The Purge..

Aman yarabbim bu aralar tüm postlara aynı cümleyle başlıyorum sanırım ancak ne yapayım, şaka gibi ancak durum harbiden de öyle.
Zira Purge de öyle her yerde değil ama sıkı filmcilerden adını duyduğum ve not aldığım bir filmdi. Ethan Hawke'ın Before .... üçlemesi dışındaki yegane iyi filmi olarak da geçer.
Ve bence Purge, oyunculuğu, çekimi, kurgu ve diğer her bir filmlere dair detayı bir kenara itip sadece ama sadece konusu, daha doğrusu verdiği, işlediği 'yaşam fikri' için mutlaka ama mutlaka izlenmesi gereken bir film.
Zira film zaten çok kısa sürüyor ve 12 saatlik bir zaman dilimini kapsıyor. Ancak başlıyor ve size o diyemediğim fikrini söyleyip sizi mök gibi bırakıyor! Size de film öööle ekranda akarken, sonuna dek "aman Yarabbim ne diyor bunlar, olabilir mi, mümkün mü" diye düşünmek kalıyor. Hatta en fenası, en azından benim için 'lan yoksa bir çözüm olabilir mi ki acep!" diye bilem düşündürtüyor. Ki belki de en fenası, acısı bu. Hayır film bitince de möklük devam ediyor ve siz, günlerce daha düşünüp durabiliyorsunuz.
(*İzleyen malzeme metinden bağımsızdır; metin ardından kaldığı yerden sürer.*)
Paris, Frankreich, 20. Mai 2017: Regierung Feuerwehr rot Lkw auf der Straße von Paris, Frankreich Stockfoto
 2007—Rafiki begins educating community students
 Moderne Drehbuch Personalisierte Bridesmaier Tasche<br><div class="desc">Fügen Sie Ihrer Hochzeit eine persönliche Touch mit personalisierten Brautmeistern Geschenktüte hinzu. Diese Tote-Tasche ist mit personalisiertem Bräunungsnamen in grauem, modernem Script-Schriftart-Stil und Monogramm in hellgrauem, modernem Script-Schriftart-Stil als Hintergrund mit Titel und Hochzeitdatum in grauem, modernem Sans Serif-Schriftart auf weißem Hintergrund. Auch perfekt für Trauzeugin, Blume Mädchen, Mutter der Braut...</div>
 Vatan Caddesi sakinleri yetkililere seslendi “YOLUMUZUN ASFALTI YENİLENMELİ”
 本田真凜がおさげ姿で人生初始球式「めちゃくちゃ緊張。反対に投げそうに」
Zira benim kafamda kendine bir çekmece edindi ve o günden beri orada yaşıyor! inception mı ne len bu!?
Yani efendim, tüm planları iptal ediyor ve acilennnn izliyorsunuz...
Ben bunu öyle geç izlemişim ki meğer filmin devamı bile çekilmiş, ancak tamamen farklı kadroyla.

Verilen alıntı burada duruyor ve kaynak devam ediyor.